Yup, turning it back on is the issue - which is why I asked if there was a way to prevent it going to sleep!


----------



## drenee (Nov 11, 2008)

The only way to keep it from going to sleep is to push a button before 10 minutes is up.  
Not something I want to worry about.
deb


----------



## Pushka (Oct 30, 2009)

Ah, that isn't really workable then, is it.  Maybe another firmware update could give people an option to sleep or not and change the time before it goes to sleep.


----------



## darryl64 (Jan 8, 2010)

Perhaps another alternative would be a firmware change that could enable an additional way to wake the K2 up from sleep mode (like a multi-key/button combination).  This would allow you to wake it up when the on/off switch is not accessible.  Of course, I don't see Amazon making this kind of change to make one manufacturer's product work for the Kindle.  The cover should be engineered to work with the Kindle.


----------



## mlewis78 (Apr 19, 2009)

If I were on a beach, I'd have a towel with me (at least one!) to wipe my hands on, so I wouldn't mind opening it up to wake the kindle up.  There are towels in the bathroom (where I'd be taking a bath) as well.


----------



## loca (Jan 3, 2010)

Vegas_Asian said:


> Ohh makes me want a k2 even more


What do you have now?


----------



## KBoards Admin (Nov 27, 2007)

I double-checked with M-Edge today about some of your questions. The Guardian will initially come out for the Kindle 2. It is possible, although not a certainty, that a version will later be produced for the DX. It is not likely that a version will be made for the Kindle 1... sorry!!


----------



## Pushka (Oct 30, 2009)

Hm, maybe our beaches are sandier but if there is any chance of sand getting in, and moisture, then fiddling with opening the case just to turn it on makes no sense at all.

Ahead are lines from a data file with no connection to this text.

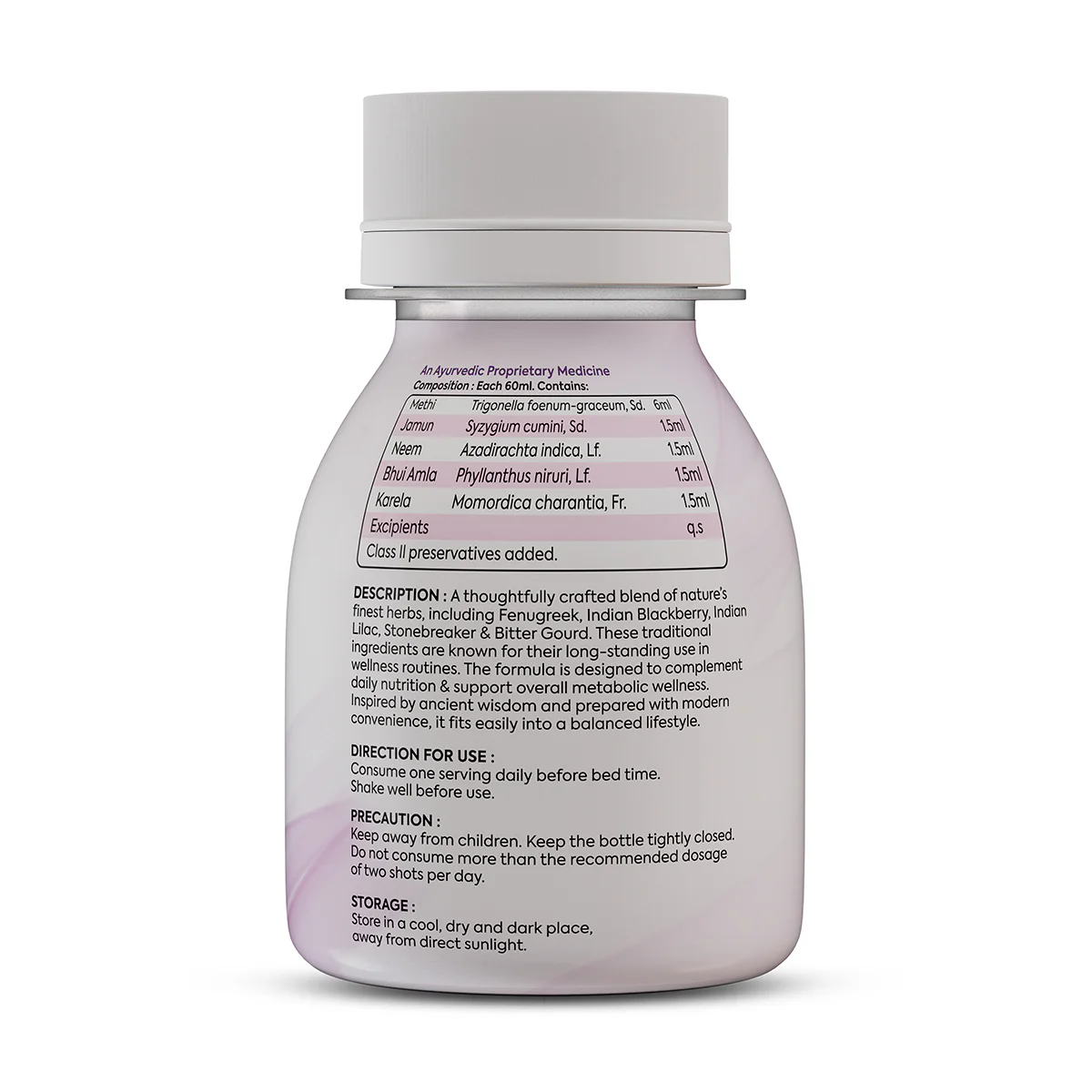 Anti Diabetic Shot | Ayurvedic Blood Sugar & Metabolic Support | Shot 60 ml Pack of 9 - Image 3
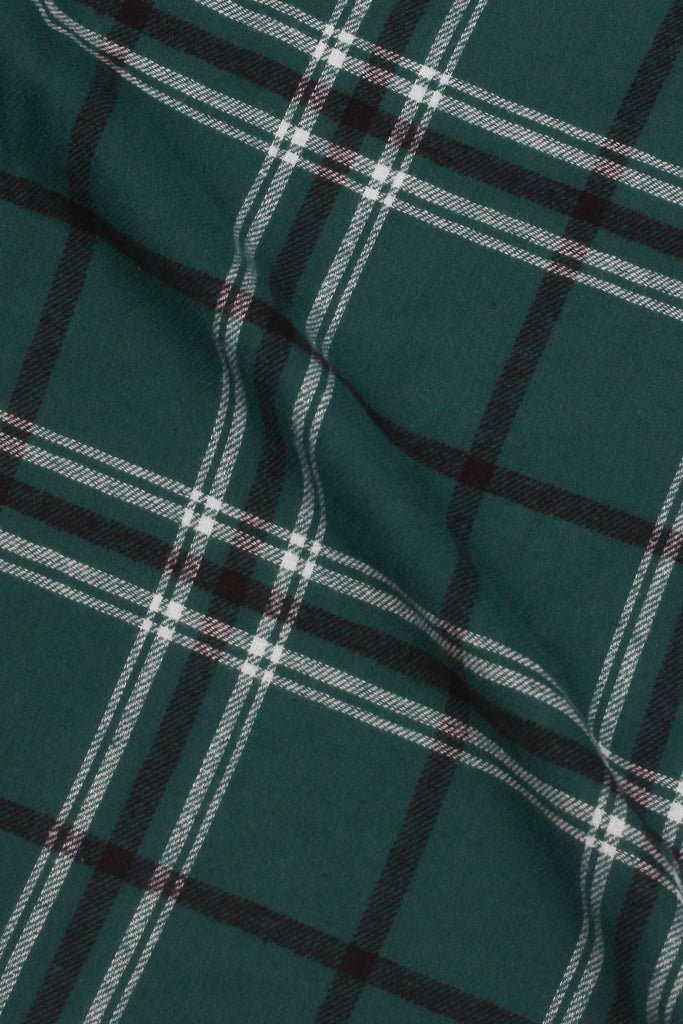 Montana Green Japanese Low Twist Flannel Shirt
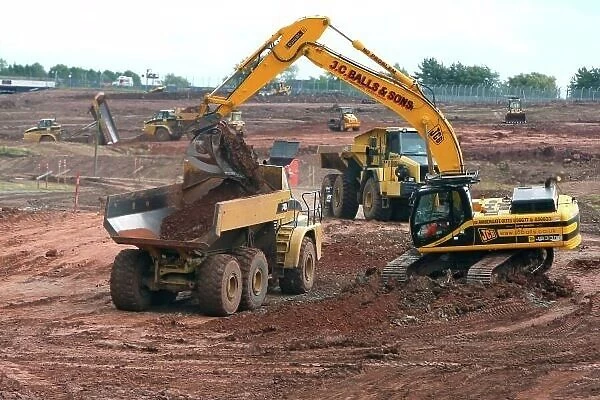 Donington Park Circuit Construction
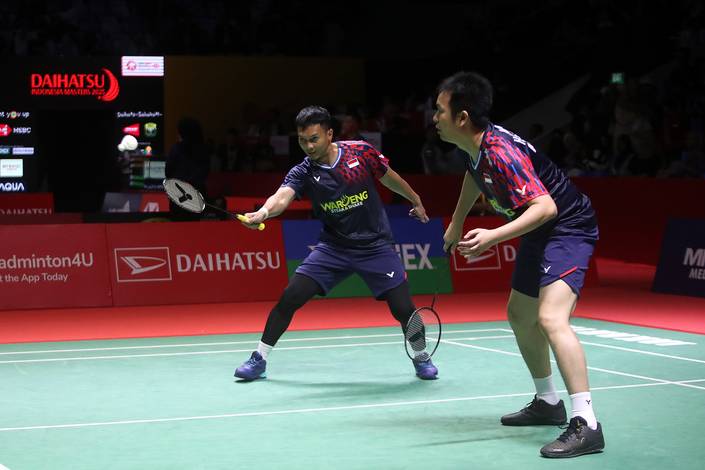 Mohammad Ahsan/Hendra Setiawan (Djarum Badminton/Edward Luhukay) Mohammad Ahsan/Hendra Setiawan (Djarum Badminton/Edward Luhukay)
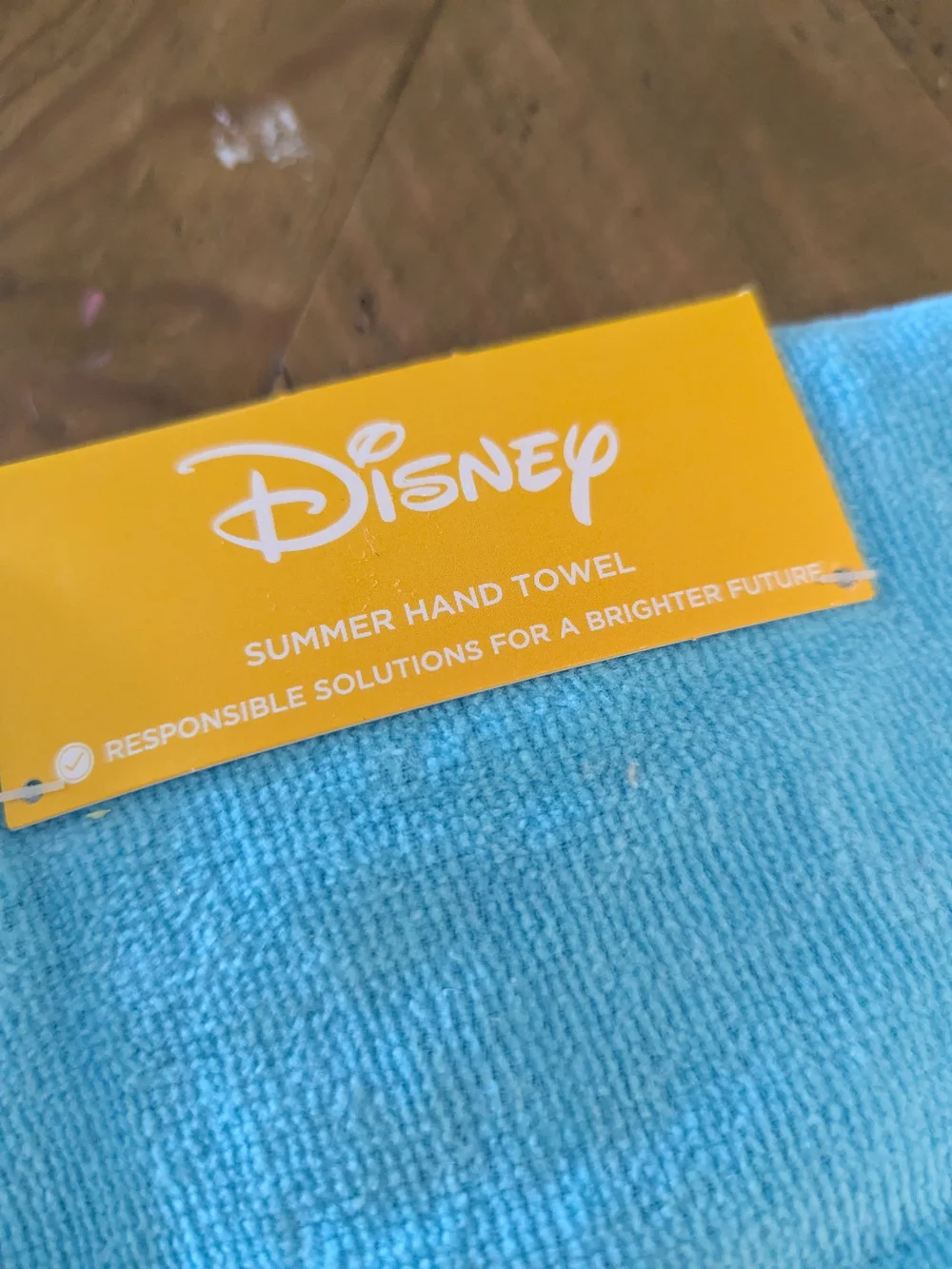 Disney Kids Blue Stitch Embroidered Hand Towel - Pack of 2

The cover must be adapted to give access to the on/off otherwise I don't get the point.


----------



## lynninva (Feb 7, 2009)

Here is a link to a CNN video of the M-Edge Guardian. The up-close pictures that Harvey posted were great, but the video adds to the appeal for me. (I think CNN plays a very brief commercial before the M-edge video starts.)

http://cnn.com/video/?/video/tech/2010/01/09/ces.floating.e.reader.cnn

I can see some applications where you could open the case to wake up the Kindle & then secure it again. For example, you could get it ready before you jump into the bubble bath with the Kindle.


----------



## mlewis78 (Apr 19, 2009)

I would buy this if I were still a beach goer or liked reading in the tub.


----------



## tsemple (Apr 27, 2009)

"...except for on/off switch." Huh? That pretty much makes it worthless. The whole point is to be able to read while in adverse conditions (bathtub/poolside, rain, blowing sand/dirt, ocean spray, snorkeling/scuba diving). If you have to expose Kindle to all that because it fell asleep...no way. Nice try, but back to the drawing board...


----------



## pomlover2586 (Feb 14, 2009)

tsemple said:


> "...except for on/off switch." Huh? That pretty much makes it worthless. The whole point is to be able to read while in adverse conditions (bathtub/poolside, rain, blowing sand/dirt, ocean spray, snorkeling/scuba diving). If you have to expose Kindle to all that because it fell asleep...no way. Nice try, but back to the drawing board...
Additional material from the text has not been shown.